Because of the opaque nature of neural networks, it’s extremely difficult to investigate their vulnerabilities, and if malicious actors discover them first, either by chance or trial and error, they’ll have an easier time hiding and exploiting them to force AI applications to fail in critical and harmful ways. This intentional manipulation of AI algorithms is known as adversarial attacks.

Adversarial attacks aren’t limited to computer vision algorithms. For instance, researchers have found that hackers could manipulate audio files in a way that would be undetectable to the human ear but would silently send commands to a voice-enabled device, such as a smart speaker.

Unlocking the black box

To be clear, AI cyberattacks haven’t been commoditized yet. Developing AI malware and adversarial attacks is still very difficult, and they don’t work consistently. But it’s only a matter of time before someone develops the tools that make them widely available. We just need to look at how FakeApp, an application that simplified face-swapping with the use of deep learning, triggered a wave of fake porn videos and rising concerns about the threats of AI-based forgery and fraud.

There are several proposed defenses against adversarial attacks. But even researchers admit that none of the solutions are complete, because they mostly try to address the neural network black box by poking at it from different angles to trigger any possible unpleasant surprise it might withhold.

Meanwhile, AI-based malware has no documented solution yet. According to the researchers who first raised awareness about it, we can’t even know whether there is already AI-powered malware in the wild or not.

A very important component to securing AI is to make it explainable and transparent. This means that neural networks should either be able to explain the steps they take to reach a decision or allow researchers to reverse engineer and retrace those steps.

Creating explainable AI without compromising the performance of neural networks is difficult, but there are already several efforts in the works, including a government-funded project led by DARPA, the Defense Department’s research arm.

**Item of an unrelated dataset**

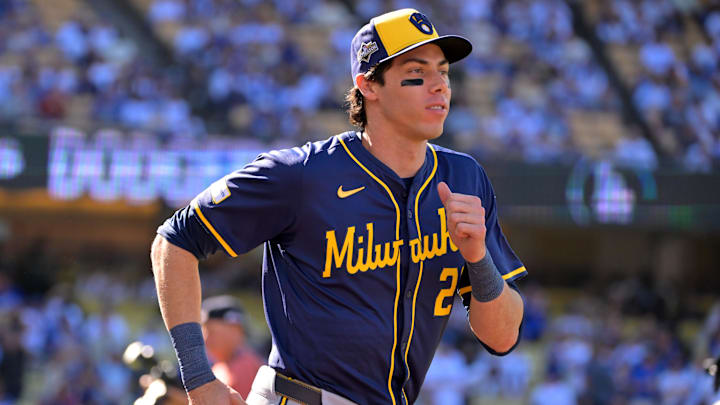 Oct 16, 2025; Los Angeles, California, USA; Milwaukee Brewers left fielder Christian Yelich (22) is introduced for game three of the NLCS during the 2025 MLB playoffs against the Los Angeles Dodgers at Dodger Stadium. Mandatory Credit: Jayne Kamin-Oncea-Imagn Images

Regulations such as the European Union’s GDPR and California’s CCPA require tech companies to be transparent about their data collection and processing practices and be able to explain the automated decisions their applications make. Compliance with these rules should also help immensely toward achieving explainable AI. And if tech companies are worried that they will lose their competitive edge by making the inner workings of their proprietary algorithms understandable, they should consider that nothing will be more damaging to their reputation—and by extension their bottom line—than a security disaster attributed to their AI algorithms.

It took a global election-manipulation crisis in 2016 for the world to wake up to the destructive power of algorithmic manipulation. Since then, AI algorithms have become even more prominent in everything we do. We shouldn’t wait for another security disaster to happen before we decide to address the AI black box problem.